We also revised our statement to “miR-203 limits cell division when the proliferation rate is high during early embryonic skin development”, to more accurately reflect the observed defects.

3) Where are the data that show that “genes involved in regulation of mitotic cell cycle, DNA synthesis, and metabolism were prominently downregulated upon miR-203 induction” (the subsection “Comprehensive identification of miR-203 targets reveals regulation of the Ras signaling pathway”, second paragraph)? Was an unbiased method such as GSEA or gene ontology employed?

These statements were based on unbiased gene ontology analyses, which were presented in the panel of “miR-203 inducible analysis” in “Figure 6–source data 1_GO analysis.” However, we didn’t link this source in our original manuscript and we apologize for the negligence. In the revised manuscript (the subsection “Comprehensive identification of miR-203 targets reveals regulation of the Ras signaling pathway”, third paragraph), we stated “GO-analysis demonstrated that genes involved in regulation of mitotic cell cycle, DNA synthesis and metabolism were prominently downregulated upon miR-203 induction (Figure 6–source data 1).”
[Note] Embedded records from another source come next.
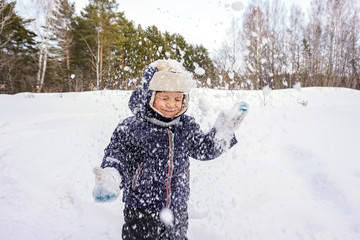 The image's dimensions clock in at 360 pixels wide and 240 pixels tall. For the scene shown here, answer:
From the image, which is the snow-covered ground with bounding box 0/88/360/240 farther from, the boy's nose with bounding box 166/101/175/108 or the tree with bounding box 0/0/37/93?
the tree with bounding box 0/0/37/93

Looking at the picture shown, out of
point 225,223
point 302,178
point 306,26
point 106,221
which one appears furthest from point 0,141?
point 306,26

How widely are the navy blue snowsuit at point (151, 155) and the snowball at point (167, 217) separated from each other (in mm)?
31

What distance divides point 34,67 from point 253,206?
1943 cm

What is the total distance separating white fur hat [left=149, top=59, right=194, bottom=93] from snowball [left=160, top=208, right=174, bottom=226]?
74cm

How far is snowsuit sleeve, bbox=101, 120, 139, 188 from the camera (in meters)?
1.33

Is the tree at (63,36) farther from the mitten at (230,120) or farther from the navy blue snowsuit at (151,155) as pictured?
the mitten at (230,120)

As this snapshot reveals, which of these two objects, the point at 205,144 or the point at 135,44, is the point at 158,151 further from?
the point at 135,44

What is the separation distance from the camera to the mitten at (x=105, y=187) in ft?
3.56

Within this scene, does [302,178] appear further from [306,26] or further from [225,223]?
[306,26]

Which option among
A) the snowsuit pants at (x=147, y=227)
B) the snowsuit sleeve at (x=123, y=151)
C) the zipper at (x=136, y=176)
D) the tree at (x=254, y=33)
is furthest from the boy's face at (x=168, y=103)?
the tree at (x=254, y=33)

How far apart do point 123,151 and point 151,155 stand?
180mm

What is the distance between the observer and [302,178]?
7.63 ft

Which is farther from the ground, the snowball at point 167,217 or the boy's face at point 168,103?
the boy's face at point 168,103

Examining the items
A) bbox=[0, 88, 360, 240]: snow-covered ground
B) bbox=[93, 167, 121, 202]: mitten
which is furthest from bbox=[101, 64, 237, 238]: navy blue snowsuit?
bbox=[0, 88, 360, 240]: snow-covered ground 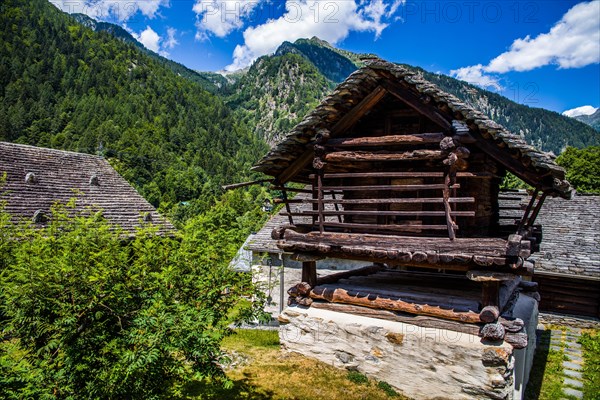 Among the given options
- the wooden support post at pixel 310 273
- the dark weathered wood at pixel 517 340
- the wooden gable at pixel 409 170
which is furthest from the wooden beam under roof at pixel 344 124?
the dark weathered wood at pixel 517 340

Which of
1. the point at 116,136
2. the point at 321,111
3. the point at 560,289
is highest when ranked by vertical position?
the point at 116,136

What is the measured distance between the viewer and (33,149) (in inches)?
735

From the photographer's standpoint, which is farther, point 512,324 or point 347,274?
point 347,274

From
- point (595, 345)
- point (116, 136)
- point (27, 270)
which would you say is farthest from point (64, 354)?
point (116, 136)

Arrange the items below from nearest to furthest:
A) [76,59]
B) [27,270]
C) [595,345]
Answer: [27,270] < [595,345] < [76,59]

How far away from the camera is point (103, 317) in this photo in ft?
16.1

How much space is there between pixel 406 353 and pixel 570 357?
7690mm

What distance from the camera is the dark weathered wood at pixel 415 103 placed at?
782cm

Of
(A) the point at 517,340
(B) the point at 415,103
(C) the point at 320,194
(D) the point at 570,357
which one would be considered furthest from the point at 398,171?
(D) the point at 570,357

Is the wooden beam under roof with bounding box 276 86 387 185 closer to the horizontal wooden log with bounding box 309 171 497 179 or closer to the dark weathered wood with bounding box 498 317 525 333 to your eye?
the horizontal wooden log with bounding box 309 171 497 179

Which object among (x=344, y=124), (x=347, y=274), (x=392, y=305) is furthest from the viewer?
(x=347, y=274)

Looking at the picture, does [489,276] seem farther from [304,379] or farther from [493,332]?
[304,379]

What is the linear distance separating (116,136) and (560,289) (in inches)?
3986

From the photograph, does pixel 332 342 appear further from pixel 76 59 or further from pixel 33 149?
pixel 76 59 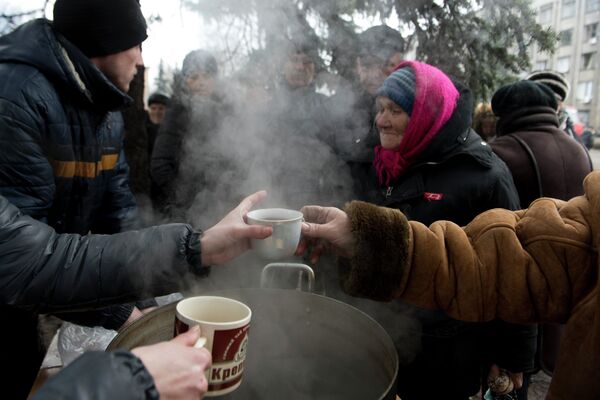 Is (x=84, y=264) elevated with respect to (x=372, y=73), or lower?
lower

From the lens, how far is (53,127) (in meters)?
1.53

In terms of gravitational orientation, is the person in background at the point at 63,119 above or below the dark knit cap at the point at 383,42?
below

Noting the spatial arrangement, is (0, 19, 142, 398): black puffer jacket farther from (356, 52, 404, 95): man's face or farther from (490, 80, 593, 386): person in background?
(490, 80, 593, 386): person in background

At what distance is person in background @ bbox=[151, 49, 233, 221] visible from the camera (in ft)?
11.3

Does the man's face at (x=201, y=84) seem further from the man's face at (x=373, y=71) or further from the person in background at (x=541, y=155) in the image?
the person in background at (x=541, y=155)

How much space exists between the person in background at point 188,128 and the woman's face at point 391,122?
1.50 m

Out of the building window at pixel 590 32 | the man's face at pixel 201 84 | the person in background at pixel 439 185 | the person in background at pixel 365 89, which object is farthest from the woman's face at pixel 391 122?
the building window at pixel 590 32

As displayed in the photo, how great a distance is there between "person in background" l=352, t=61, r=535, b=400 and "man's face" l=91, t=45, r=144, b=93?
130 cm

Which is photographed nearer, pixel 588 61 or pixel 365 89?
pixel 365 89

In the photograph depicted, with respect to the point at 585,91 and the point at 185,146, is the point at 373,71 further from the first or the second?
the point at 585,91

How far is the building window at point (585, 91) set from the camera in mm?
29047

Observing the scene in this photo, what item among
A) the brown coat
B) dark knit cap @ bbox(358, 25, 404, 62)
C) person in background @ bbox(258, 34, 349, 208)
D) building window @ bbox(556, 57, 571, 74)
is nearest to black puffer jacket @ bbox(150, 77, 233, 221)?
person in background @ bbox(258, 34, 349, 208)

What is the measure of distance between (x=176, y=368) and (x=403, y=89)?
1.85 metres

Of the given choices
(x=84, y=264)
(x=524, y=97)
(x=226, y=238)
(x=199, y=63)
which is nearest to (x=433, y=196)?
(x=226, y=238) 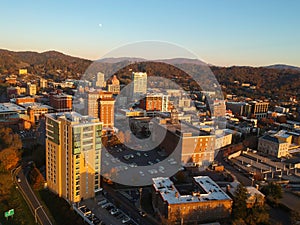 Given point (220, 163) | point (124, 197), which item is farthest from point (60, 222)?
point (220, 163)

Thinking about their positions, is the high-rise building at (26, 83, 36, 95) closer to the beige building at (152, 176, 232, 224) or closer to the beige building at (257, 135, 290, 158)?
the beige building at (257, 135, 290, 158)

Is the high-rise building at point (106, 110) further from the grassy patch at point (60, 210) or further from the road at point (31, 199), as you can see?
the grassy patch at point (60, 210)


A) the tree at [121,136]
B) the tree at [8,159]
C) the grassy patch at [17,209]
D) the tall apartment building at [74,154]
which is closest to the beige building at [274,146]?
the tree at [121,136]

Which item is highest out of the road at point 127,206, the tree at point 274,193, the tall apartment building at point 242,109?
the tall apartment building at point 242,109

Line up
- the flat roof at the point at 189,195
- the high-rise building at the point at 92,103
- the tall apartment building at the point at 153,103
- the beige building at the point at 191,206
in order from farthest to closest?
the tall apartment building at the point at 153,103 < the high-rise building at the point at 92,103 < the flat roof at the point at 189,195 < the beige building at the point at 191,206

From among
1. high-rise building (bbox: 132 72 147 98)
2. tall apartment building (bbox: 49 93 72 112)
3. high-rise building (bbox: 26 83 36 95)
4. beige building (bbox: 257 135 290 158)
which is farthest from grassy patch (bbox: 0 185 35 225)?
high-rise building (bbox: 132 72 147 98)

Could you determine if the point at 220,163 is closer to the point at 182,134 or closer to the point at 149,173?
the point at 182,134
4) Based on the data presented in this manuscript, it is an overstatement to claim that “miR-203 directly targets the Ras-mediated signaling pathway” (end of the subsection “Comprehensive identification of miR-203 targets reveals regulation of the Ras signaling pathway”). At best, a few targets that contribute to multiple pro-proliferative pathways were identified. It is plausible that miR-203 exerts its effects via the coordinated, although minor, downregulation of a broad set of targets, some of which include members of the Ras pathway.

We agree with the reviewers’ assessment. Based on our data and the reviewers’ suggestion, we revised our conclusion (in the subsection “Comprehensive identification of miR-203 targets reveals regulation of the Ras signaling pathway”) to “This collection of miR-203 targets suggests that miR-203 targets multiple pathways, including several components of the Ras signaling pathway, to suppress cell proliferation.”

5) shRNA knockdown experiments with putative targets (Figure 7F-G) should be performed in Hras-transformed miR-203 +/+ and -/- cells to see if these targets are relevant to transformation in these settings.

We carried out the shRNA knockdown experiments for both Pola1 and Hbegf in HRas-transformed miR-203 WT and KO keratinocytes as suggested by the reviewers. In both cases, we observed strong reduction in colony forming capacity of these transformed cells, similar to our original observations with non-transformed keratinocytes. Collectively, these data further support the requirement of Pola1 and Hbegf in cell proliferation/survival of both HRas transformed and non-transformed cells. We present these data as Figure 7–figure supplement 2 to in the revised manuscript.